|Dextrocardia with Situs Inversus: Through the Looking Glass with an ECG|
Dextrocardia with Situs Inversus: Through the Looking Glass with an ECG
Sanjay Bindra, MD, Ramin Tabibiazar, MD, Michael Mazar, MD and Ravi Dave, MD
A 56-year-old male with history of hypertension, diabetes mellitus type 2 and hypothyroidism presented to cardiology for evaluation of an abnormal electrocardiogram.
He was a slightly obese male in no apparent distress. His resting blood pressure was 150/86, pulse was 92. Jugular venous pressure was elevated to 8cm. There were soft bilateral carotid bruits. Cardiac examination performed on the right anterior thorax revealed an apical impulse in the right fifth intercostal space at the mid-clavicular line. There were no palpable thrills. A 4th heart sound was present and a grade 2/6 soft systolic ejection murmur. Lungs were cleared to auscultation. There were normal pulses in the lower extremities and no peripheral edema.
His initial electrocardiogram is presented in Figure 1.
EKG (normal lead positions):
Figure 1. ECG showing marked right-axis deviation of the P wave (negative in aVL and lead I) and of the QRS complex, and low voltage in the precordial leads, V4 through V6. Lead aVR is similar to the normal aVL in the normal ECG.
A repeat EKG with the precordial leads on the right chest is seen in Figure 2.
Right sided EKG:
Figure 2: ECG showing marked right-axis deviation of the P wave (negative in aVL and lead I) and of the QRS complex, and normal progression of R waves across the precordium (right sided leads). Lead aVR is similar to the normal aVL in the normal ECG.
If this EKG pattern (figure 2) is seen with normal electrode position, it suggests reversed placement of left and right arm leads, with normal R wave progression across precordium).
EKG Findings for Dextrocardia
To recognize the EKG changes associated with a dextrocardia, it is important to have a clear understanding of the electrical axis.
Right axis deviation is normally due to a pathological cause such as left posterior fascicular block. Extreme right axis deviation, or ERAD, is normally only seen with ventricular rhythms, such as ventricular tachycardia or paced rhythms. ERAD may be a normal finding with a patient who has dextrocardia1. On a standard ECG with normal heart placement, lead I will almost always be positive and lead aVR negative with any supraventricular rhythm.
The finding of a positively deflected QRS complex in aVR and a negatively deflected ORS complex in lead I should raise concern. The most common cause for this finding is reversed electrode placement of arm leads (left and right).
However, in arm lead reversal, the precordial leads reveal a normal R wave progression (since the heart is on the left side).
In dextrocardia, since the heart is on the right side of the chest, the left ventricular apex is at the right midclavicular line.
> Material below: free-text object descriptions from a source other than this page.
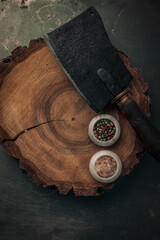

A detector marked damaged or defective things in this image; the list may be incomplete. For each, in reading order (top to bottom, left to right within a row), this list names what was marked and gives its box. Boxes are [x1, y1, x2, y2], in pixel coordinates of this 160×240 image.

dark rusty blade [43, 6, 132, 113]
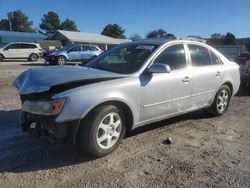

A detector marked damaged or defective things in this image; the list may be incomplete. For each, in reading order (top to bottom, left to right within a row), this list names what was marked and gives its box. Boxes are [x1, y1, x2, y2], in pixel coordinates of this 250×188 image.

damaged vehicle [13, 39, 240, 157]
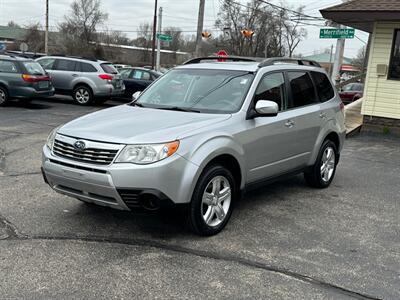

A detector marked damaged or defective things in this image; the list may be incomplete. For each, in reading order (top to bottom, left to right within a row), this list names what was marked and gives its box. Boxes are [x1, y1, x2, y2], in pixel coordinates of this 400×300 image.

pavement crack [4, 234, 382, 300]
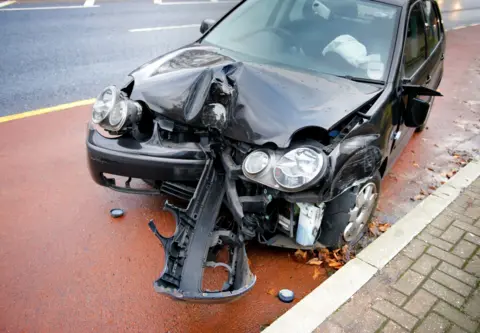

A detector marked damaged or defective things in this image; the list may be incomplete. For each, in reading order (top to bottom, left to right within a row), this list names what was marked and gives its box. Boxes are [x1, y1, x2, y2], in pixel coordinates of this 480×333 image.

exposed headlight [91, 85, 141, 132]
damaged headlight assembly [91, 85, 142, 132]
broken front bumper [86, 123, 206, 188]
exposed headlight [244, 150, 270, 174]
crashed black car [86, 0, 446, 300]
damaged headlight assembly [242, 147, 328, 191]
exposed headlight [244, 147, 326, 191]
detached bumper piece on ground [149, 160, 255, 302]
The left precordial leads reveal reversed R wave progression; the R wave is tallest in V1 and progressively decreases in amplitude in leads V2 to V6 (see figure 1). On performance of a right-sided EKG, normal R wave progression is noted (see figure 2).
CXR: The patient’s chest film revealed evidence of dextrocardia and situs inversus (fundus gas bubble on the right and the liver on the left)2.
Figure 3. Chest x-ray showing dextrocardia and right-sided gastric air bubble indicating the presence of both dextrocardia and situs inversus (the most common combination).
Dextrocardia situs inversus is a congenital condition characterized by a heart that is horizontally inverse, or mirrored. Mirror-image dextrocardia is the most common form of cardiac malposition encountered and is almost always associated with situs inversus of the abdominal organs. The anatomic right ventricle is anterior to the left ventricle and the aortic arch curves to the right and posteriorly. The anatomic right lung with its three lobes is on the left side. The gastric fundus gas bubble is on the right and the liver on the left. Generally, there is no increased risk of an infracardiac malformation.
Recognizing the presence of dextrocardia will also help avoid unnecessary workup for an abnormal ECG.
While dextrocardia is one of those rare conditions that the average clinician may infrequently encounter, it is important to have an understanding of the EKG pattern and to distinguish it from the common lead misplacement (left and right arm reversal), where the precordial leads will show normal QRS pattern.
Another consideration for treatment is the placement of pacer or defibrillator pads. Effectiveness of defibrillation would be limited if normal placement were utilized. To deliver the most beneficial amount of energy, use anterior/posterior placement just to the right of the patient's sternum. Traditional pad placement can be mirrored as well3.